On en déduit que les EPI doivent à la fois permettre le passage de l’air et de l’humidité sous forme de vapeur ou liquide tout en empêchant l’entrée des produits toxiques, sous forme gaz ou liquide.
Des combinaisons filtrantes ont été mises au point par Ouvry® qui permettent le passage de l’air (transmission de la chaleur sèche), le passage de l’humidité sous forme vapeur et l’évaporation de la sueur. Une couche hydrophobe extérieure interdit l’entrée des toxiques liquides et aérosols, une couche de carbone activé sous la surface piège les produits toxiques gazeux avant qu’ils n’atteignent la peau de l’individu.
De plus, ce type de combinaison répartit un éventuel effet de pompage sur l’ensemble de la surface interne de l’équipement réduisant d’autant la concentration du toxique. De plus, ce dernier est piégé par le carbone actif intérieur.

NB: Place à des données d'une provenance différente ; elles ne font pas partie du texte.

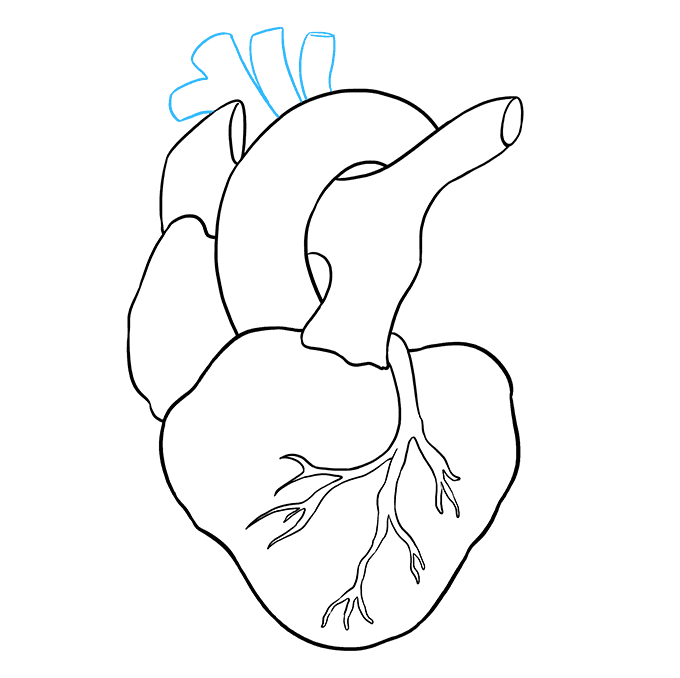 680x678 How To Draw A Human Heart - Human Heart Pencil Drawing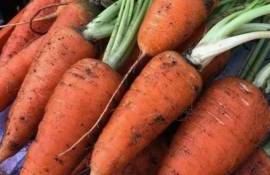 Экспорт в Румынию стимулирует рост цен на морковь - agroexpert.md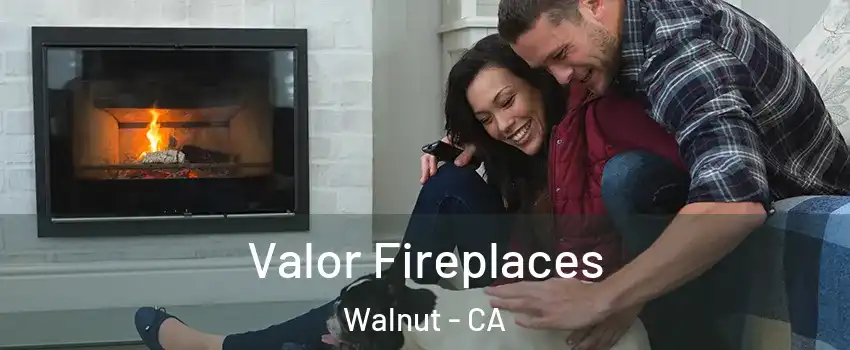  Valor Fireplaces Walnut - CA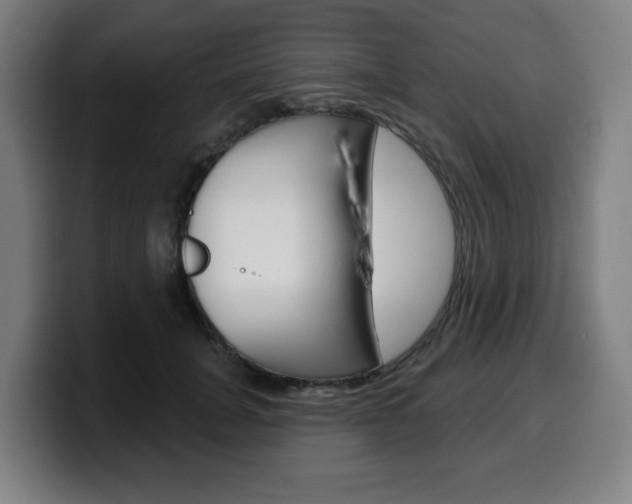 X0000099500751200805150949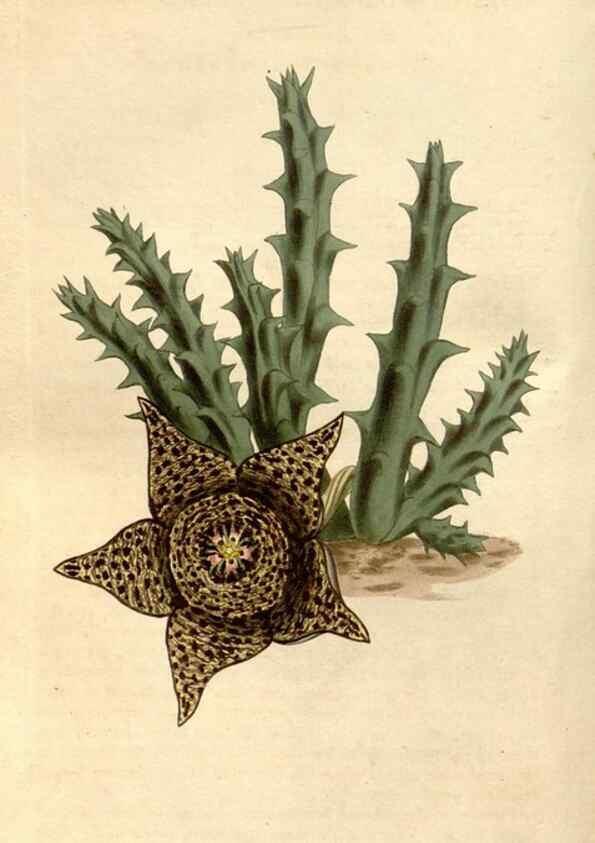 Reproducción/Reproduction 35056507261: Curtis's botanical magazine.. London ; New York [etc.] :Academic Press [etc.]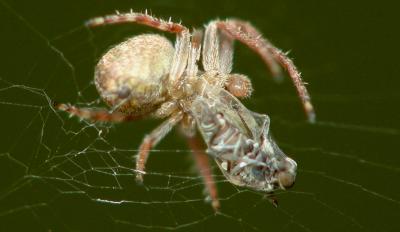 spider wrap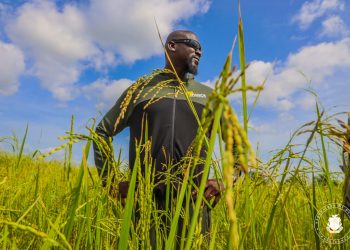Entrepreneuriat : Le Président de la Transition visite sa plantation de 59 hectares à Fanye dans la Préfecture de Forécariah!!!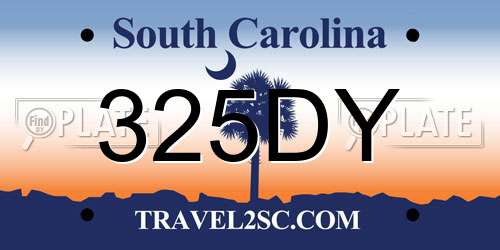 325DY South Carolina License Plate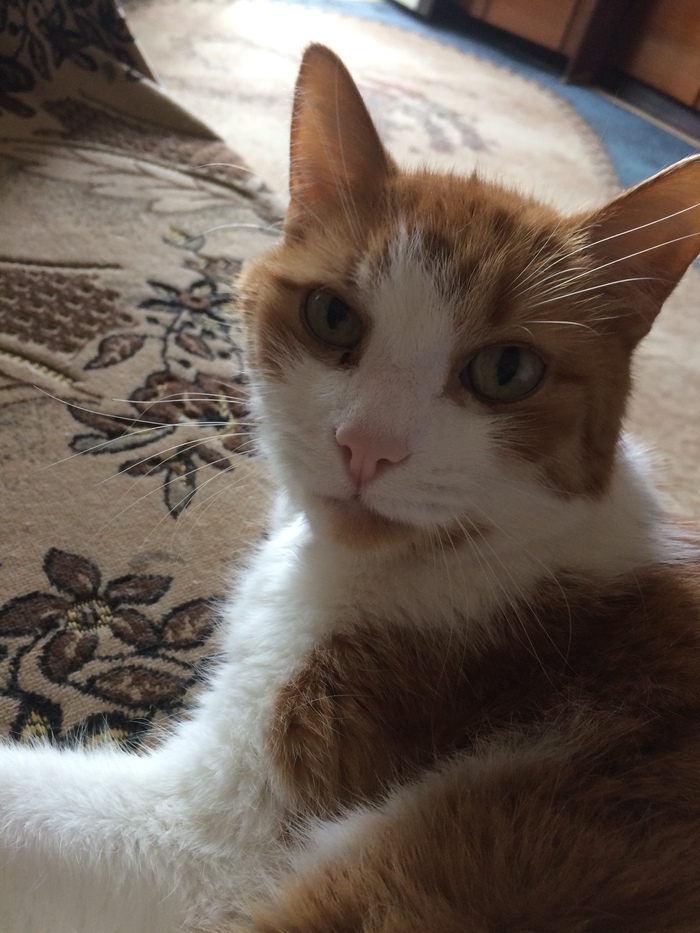 Просто кот Шрек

On pourra se référer utilement aux articles suivants : tenue de protection NRBC, Polycombi®, Polyindus®, PolyAgry®.
Conclusion
Le confort thermophysiologique est le principal attribut des vêtements et il comprend les propriétés de transport de la chaleur et de l’humidité. La sensation de confort dépend de l’effet combiné de l’activité physique, du climat et des vêtements. La transmission de la chaleur à travers le tissu se fait par quatre mécanismes : conduction, convection, radiation et évaporation. Le confort thermophysiologique des vêtements peut être obtenu par la transmission de la chaleur sèche par conduction et rayonnement, la transmission de l’humidité (perméabilité à la vapeur d’eau, transmission de l’eau liquide ou mèche, absorption de l’eau et propriété de séchage) et la perméabilité à l’air. Ces propriétés du vêtement peuvent être améliorées en utilisant différents matériaux fibreux, en modifiant la structure de la fibre, du fil, du tissu et du vêtement, et en appliquant une finition appropriée au tissu qui peut améliorer les propriétés de transport de la chaleur et de l’humidité.